Large and small businesses often need additional funding to meet their day-to-day business needs. The funding required also depends on the nature of the business - is it capital-intensive and what are its stages of development in terms of start-up, growth, or maturity? In general, businesses need the most funding in the early stages and from a growth perspective. Let’s discuss some of the major types of Business Loans approved by financial institutions in India.
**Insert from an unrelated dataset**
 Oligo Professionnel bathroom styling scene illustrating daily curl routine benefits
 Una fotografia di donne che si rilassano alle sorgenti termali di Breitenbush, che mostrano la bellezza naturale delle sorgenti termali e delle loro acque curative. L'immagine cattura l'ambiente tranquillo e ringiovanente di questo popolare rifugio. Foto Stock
Various Types of Business Loans

1. Term loan
Loans can be secured
or unsecured. The amount available is based on the business's
credit history. The term is fixed, between 1 to 5 years if unsecured business
loan or up to 15 - 20 years for a secured
Business Loan. Term loans are taken for a specific purpose,
usually for capital expenditure. The lender distributes the sanctioned
funds in a consolidated amount.
2. Start-up loan
Start-up loans are for new business ventures. Applicants for such
loans may not have the best credit history due to a lack of business
vintage. Thus, to determine the eligibility of a
Business Loan, the lender will consider the personal credit
profile of the borrower with the company. Current turnover figures and
other financial matters are also considered to determine the loan
amount, tenure, and applicable interest rate.
3. Letter of
Credit
A letter of credit is a type of credit limit
used majorly in trading businesses in which the bank or lender
provides funding guarantees to enterprises that deal in
international trade. It can be used for both import and export
purposes. Individuals who are doing business overseas tend to deal
with unknown suppliers, so for that, they require assurance of
payment before performing any transaction. Therefore, a letter of
credit plays an important role in providing payment assurance to the
suppliers.
4. Working capital loan
A working capital
loan is a type of small Business Loan taken out on a day-to-day
basis to alleviate the cash crunch. It balances the cash flow needed
to run a business. These loans are also helpful to meet the cash
shortage during the off-season or to meet the demand during peak
season. The most eligible applicants are service providers,
manufacturers, wholesalers, retailers, or traders involved in exports
and imports.
5. Loan against property for SME
In this, the borrower must mortgage his property to get funds for
business purposes. The borrower may apply for funds against
residential or commercial property. Lenders can lend up to 70% of the
current market value of the property. The title of the property should
be clean and litigation-free. The term of such a loan is 15-20 years
depending on the terms and conditions laid down by the lender.
6. Invoice financing
It’s also called
invoice discounting or invoice factoring. This type of funding is
especially for small businesses that face delays in raising invoices
and receiving payments from clients. Lenders can lend up to 80% of
the invoice amount. Once the business has received the payment, it
clears the debt according to the fixed term and interest rate.
7. Equipment lending
These are the
manufacturing businesses that usually opt for equipment lending or
machinery loans. Manufacturing units need expensive equipment to run
their business and to buy machines, out of all kinds of Business
Loans, tool financing is the most preferred. This is because
the machinery loan is specific, with the equipment in question being
taken as collateral along with some other securities. Interest rates
may be lower than what is charged on another unsecured loan.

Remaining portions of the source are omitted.